The root endophyte community was composed of 254 fungal isolates that belong to 40 OTUs (Table 2; Fig. 1c). As for the leaf and stem tissues, a number of fungal isolates were obtained varied among growth stages. The highest number of isoltes were obtained from FB stage (n = 102) and the least from LE stage (n = 25). A total of 68 and 59 isolates were obtained from SM and D stages, respectively. As observed for leaf and stem, the representation of individual species in the root endophyte community was variable. Bionectria ochroleuca, Fusarium solani, Penicillium chrysogenum, etc. were recovered frequently in two or four collections, and Eucasphaeria capensis, Penicillium lanosum, Scytalidium circinatum, etc. were recovered infrequently and/or from a single collection. At LE stage, the fungal isolates were grouped into 11 OTUs, the majority of the isolates were Eupenicillium sp. (24.0 %) and Fusarium oxysporum (24.0 %). The genus of Fusarium was predominant in the root tissues at LE stage. At FB stage, the fungal isolates were also grouped into 10 OTUs, the majority of the isolates were Fusarium oxysporum (27.5 %), followed by Geomyces sp. (16.7 %). As for LE stage, the genus of Fusarium was predominant at FB stage. At SM stage, the fungal isolates were grouped into 14 OTUs, the majority of the isolates were Neonectria sp. (14.7 %) and Penicillium commune (14.7 %), followed by Penicillium chrysogenum (11.8 %) Cadophora sp. (10.3 %). The genus of Penicillium was predominant in the root tissues at SM stage. At D stage, the fungal isolates were grouped into 5 OTUs, the majority of the isolates were Mucor hiemalis (37.3 %), followed by Fusarium solani (25.4 %) and Fusarium acuminatum (18.6 %). The genera of Mucor and Fusarium were predominant in the root tissues at D stage.

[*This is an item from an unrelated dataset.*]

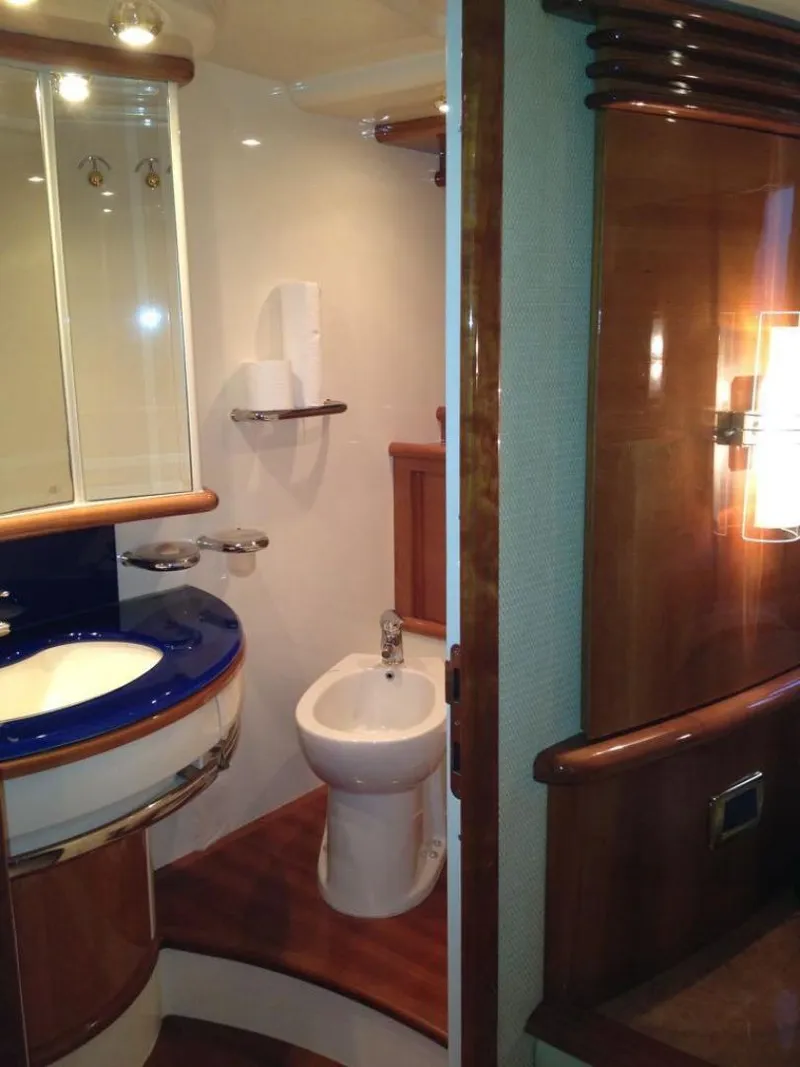 Slide: The Image of Azimut 62 Evolution 2005 - 14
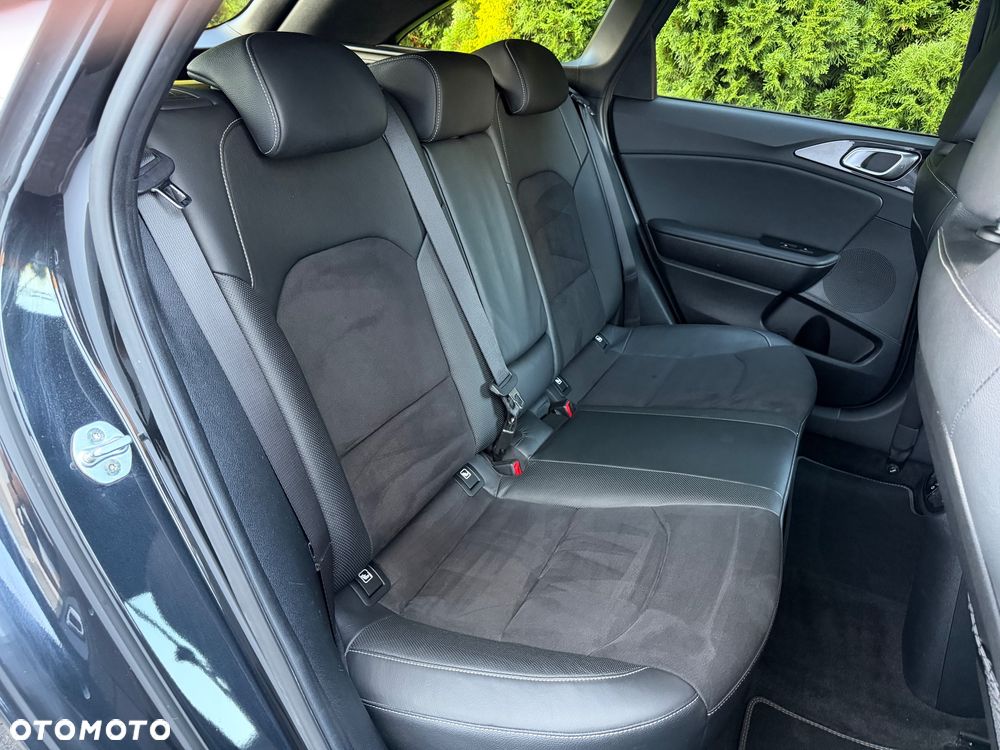 Kia Ceed 1.6 CRDi 136 ISG GT Line - 7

Diversity of endophytic fungi
The species diversity indices for different fungal communities were presented in Table 1. There was a higher species richness of endophytic fungi in roots than in leaves and stems. The Shannon diversity indices and Shannon evenness indices were the highest in roots and lowest in leaves. The Simpson’s diversity index was the highest in roots and lowest in stems.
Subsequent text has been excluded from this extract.